**Given entries:**
- - -

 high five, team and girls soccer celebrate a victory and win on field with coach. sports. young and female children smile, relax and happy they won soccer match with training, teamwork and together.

- - -

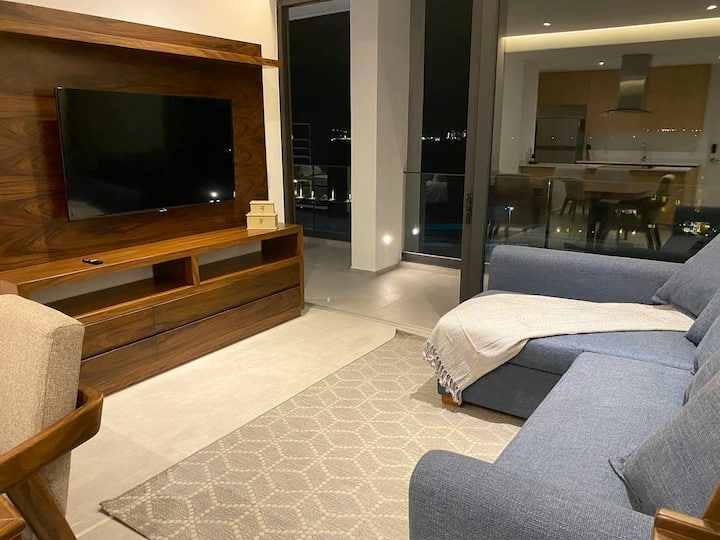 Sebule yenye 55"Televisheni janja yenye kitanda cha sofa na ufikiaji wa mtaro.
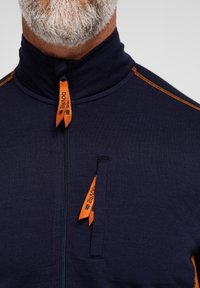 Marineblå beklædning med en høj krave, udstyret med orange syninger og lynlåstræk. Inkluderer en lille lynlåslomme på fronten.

- - -

**Your goal:** Repeat the lines above exactly, beginning with the one containing "ufikiaji wa mtaro." and finishing with the one containing "Marineblå beklædning med". No pictures belong in the copy.

**Solution for this problem:**
 Sebule yenye 55"Televisheni janja yenye kitanda cha sofa na ufikiaji wa mtaro.
 Marineblå beklædning med en høj krave, udstyret med orange syninger og lynlåstræk. Inkluderer en lille lynlåslomme på fronten.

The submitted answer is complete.